SQL Server has CPU limitations depending on the Edition. If your VM is not configured properly you can reach these limits very easily.
In a previous post, I described the effect VM misconfigurations can have on performance because not all available cores are used as expected.
See: SQL Server CPU limitation for Express and Standard Edition
In this article I will share a similar case but this time in a context where the Automatic soft-NUMA feature comes into play.
Standard Edition limitations
In the article mentioned just above we saw that the Standard edition is limited to 4 sockets.
If you decide to give your VM 8 cores but it is also configured with 8 sockets, you will find yourself limited to 4 sockets, therefore 4 cores.
It can look like this from the Task Manager:
Non-Uniform Memory Access (NUMA) is a computer system architecture that is used with multiprocessor designs in which some regions of memory have greater access latencies.
Some memory regions are connected directly to one or more processors, with all processors connected to each other through various types of interconnection fabric. For large multiprocessor systems, this arrangement results in less contention for memory and increased system performance.
As illustrated above accessing local memory is faster than accessing the memory associated with other NUMA nodes.
SQL Server includes optimizations that recognize and adapt to a computer’s NUMA topology.
SQL Server Automatic Soft-NUMA
There are benefits to having Soft-NUMA enabled. Some internal processes are partitioned by soft-NUMA. SQL Server creates one I/O Completion Thread by NUMA node.
If you have hardware NUMA you can have an increased number of Lazy Writers workers. This can be helpful for large systems to improve performance and scalability.
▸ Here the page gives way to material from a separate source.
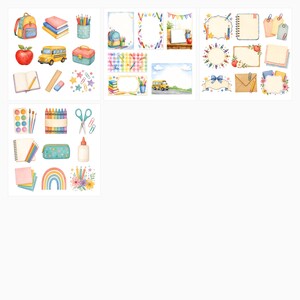 Colorful Watercolor School Scrapbook Papers, Stickers, Journal Cards (Digital Download) preview 6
See: How It Works: Soft NUMA, I/O Completion Thread, Lazy Writer Workers and Memory Nodes
Soft-NUMA applies only for CPU Scheduling and Connectivity. Memory locality is not impacted.
Standard Edition limitations and Automatic Soft-NUMA
The origin of this article is a case that I encountered with a customer.
Let’s look at sys.dm_os_sys_info to see the resources available for the SQL Server instance.
SELECT cpu_count, socket_count, hyperthread_ratio , scheduler_count , softnuma_configuration_desc, numa_node_count FROM sys.dm_os_sys_info
The VM is configured with 12 logical cores, which are visible for SQL Server as “cpu_count”. The cores are distributed over 6 sockets.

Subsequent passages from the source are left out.